> Work order: What you produce should be the lines from the line containing "Edwardian Brass Newspaper / Magazine Rack" through the last line below, both ends included, reproduced exactly and without pictures.

> Given records:
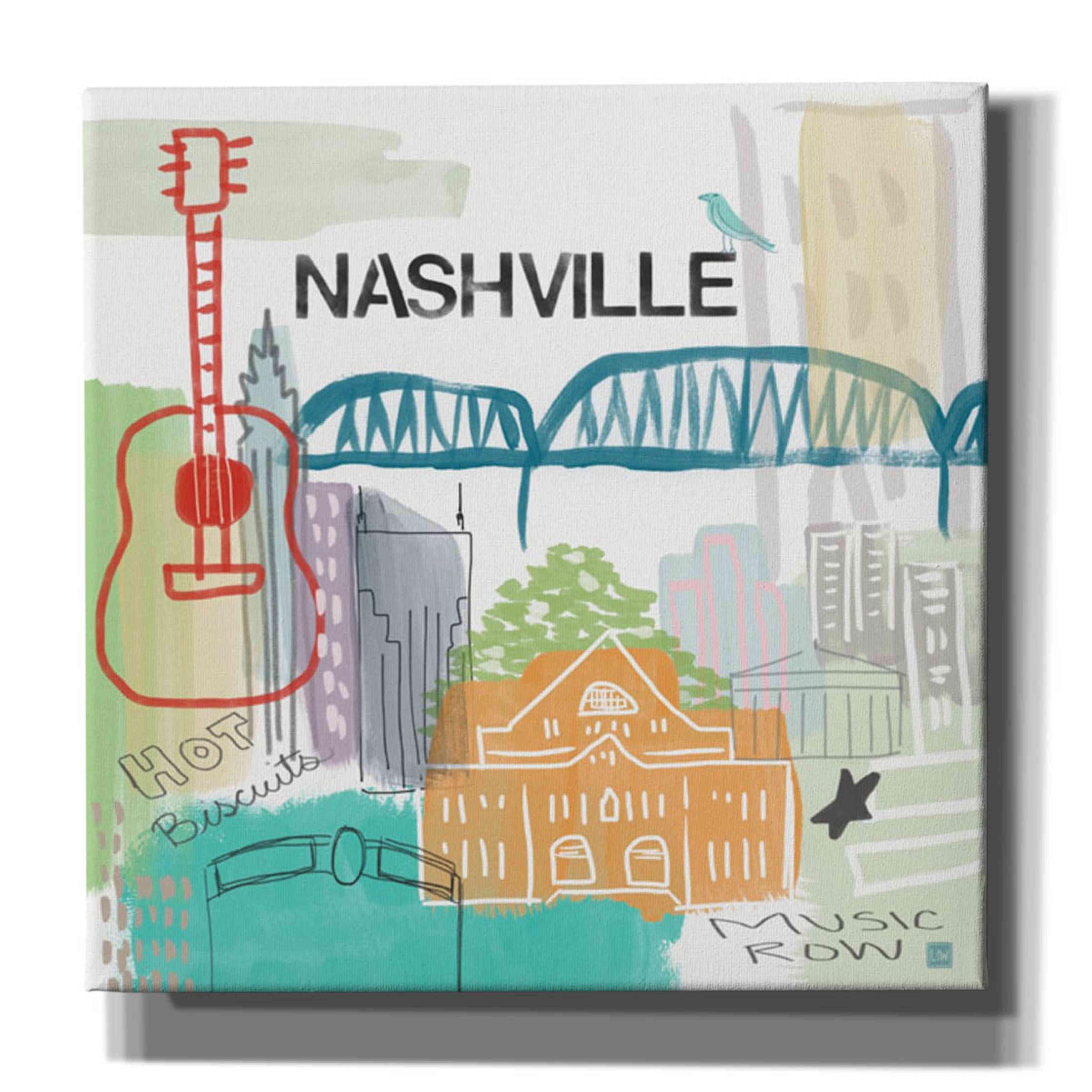 Epic Art 'Nashville' by Linda Woods, Acrylic Glass Wall Art, 12"x12"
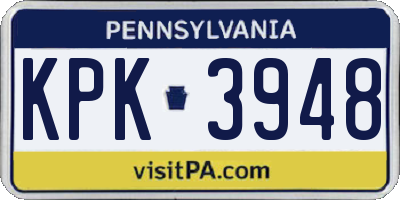 PA license plate KPK3948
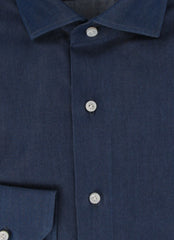 $600 Fiori Di Lusso Blue Solid Cotton Shirt - Slim - (FDL3222515) - Parent
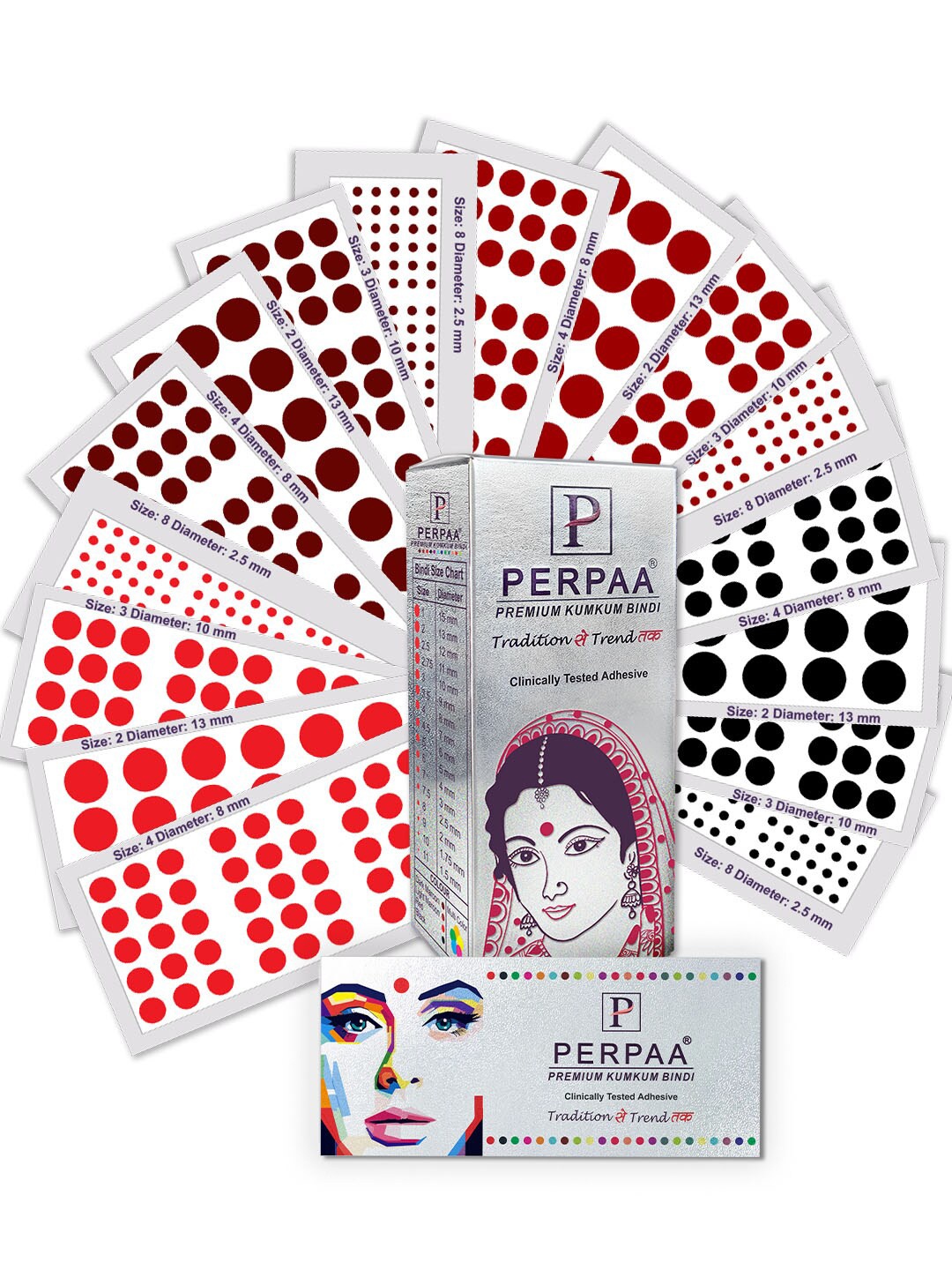 

PERPAA Set of 16 Premium Kumkum Round Velvet Stick On Bindi Book, Red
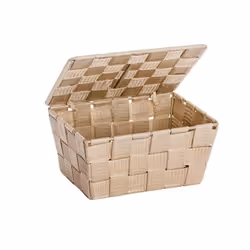 WENKO Panier de rangement Salle de bain avec couvercle Adria petite boite de rangement Polypropylène 19x14x10 cm beige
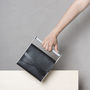 Black Contemporary Leather Clutch With Handle, thumbnail 4 of 9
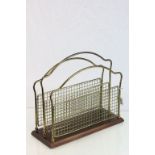 Edwardian Brass Newspaper / Magazine Rack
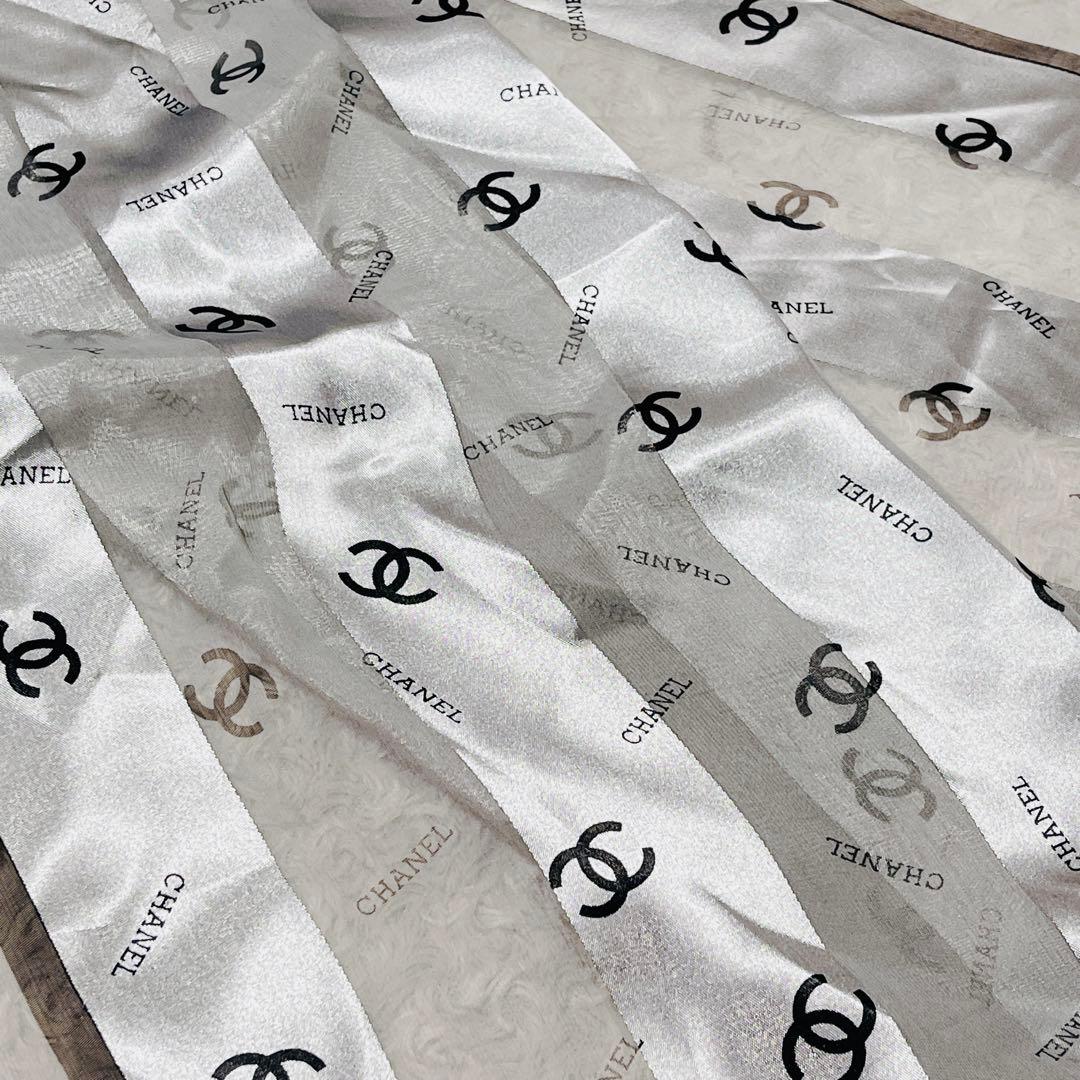 【美品】CHANEL シャネル 大判ストール ココマーク ストライプ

> Answer section:
 Edwardian Brass Newspaper / Magazine Rack
 【美品】CHANEL シャネル 大判ストール ココマーク ストライプ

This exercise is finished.